_Records_.
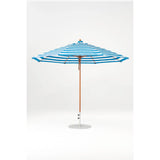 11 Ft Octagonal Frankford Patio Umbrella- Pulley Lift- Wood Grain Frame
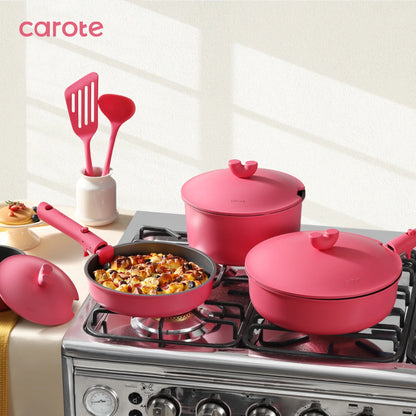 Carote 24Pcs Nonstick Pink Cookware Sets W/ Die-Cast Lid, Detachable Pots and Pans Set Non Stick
---
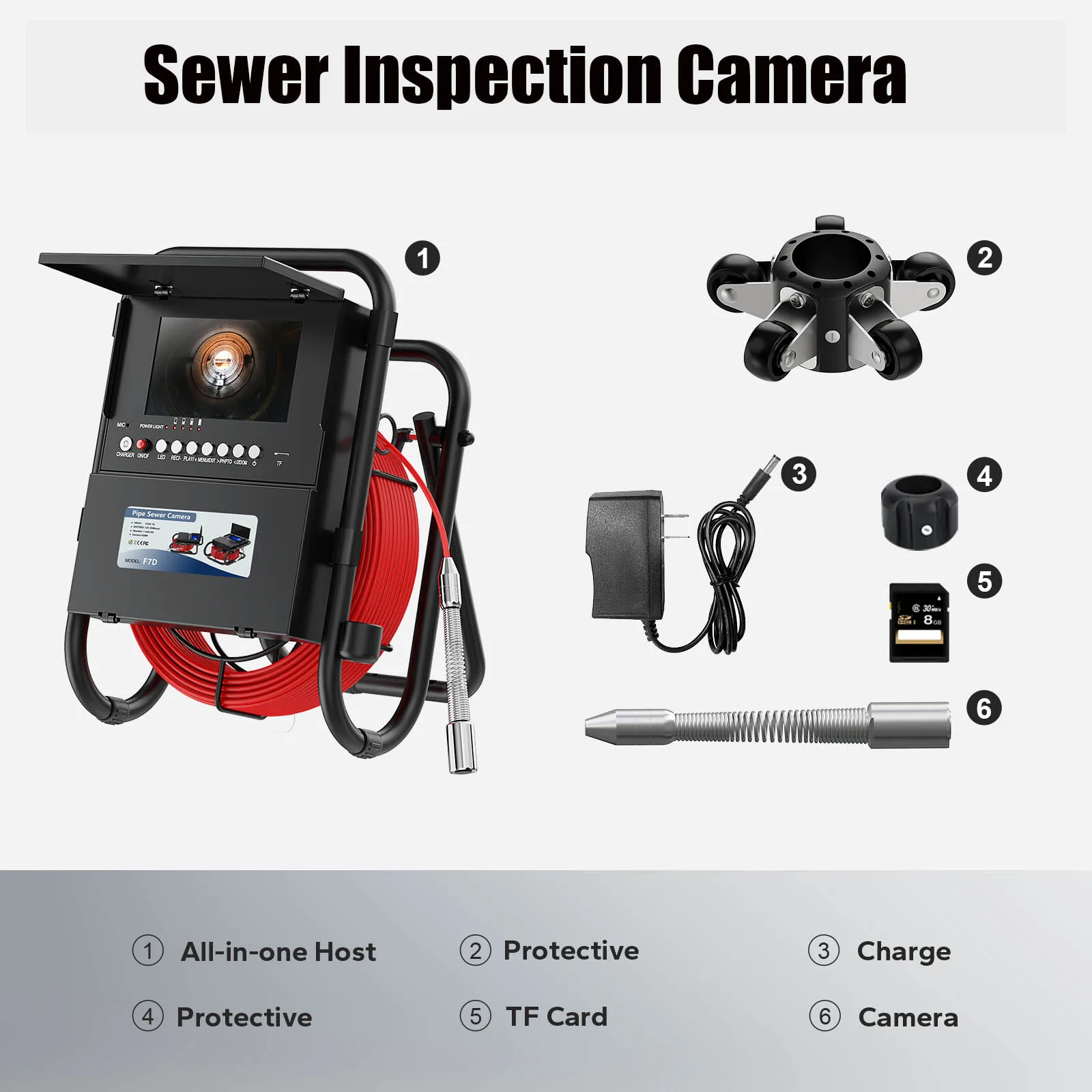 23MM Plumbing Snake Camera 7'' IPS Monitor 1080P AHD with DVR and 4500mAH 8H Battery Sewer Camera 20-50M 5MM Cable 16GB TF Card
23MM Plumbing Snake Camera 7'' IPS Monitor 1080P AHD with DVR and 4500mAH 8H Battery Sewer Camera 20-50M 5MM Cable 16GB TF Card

_Your instructions_. Within the listing above, the lines starting at the one containing "11 Ft Octagonal" and ending at the one containing "Carote 24Pcs Nonstick" are to be returned exactly. Omit the pictures.

_Response to the task_.
 11 Ft Octagonal Frankford Patio Umbrella- Pulley Lift- Wood Grain Frame
 Carote 24Pcs Nonstick Pink Cookware Sets W/ Die-Cast Lid, Detachable Pots and Pans Set Non Stick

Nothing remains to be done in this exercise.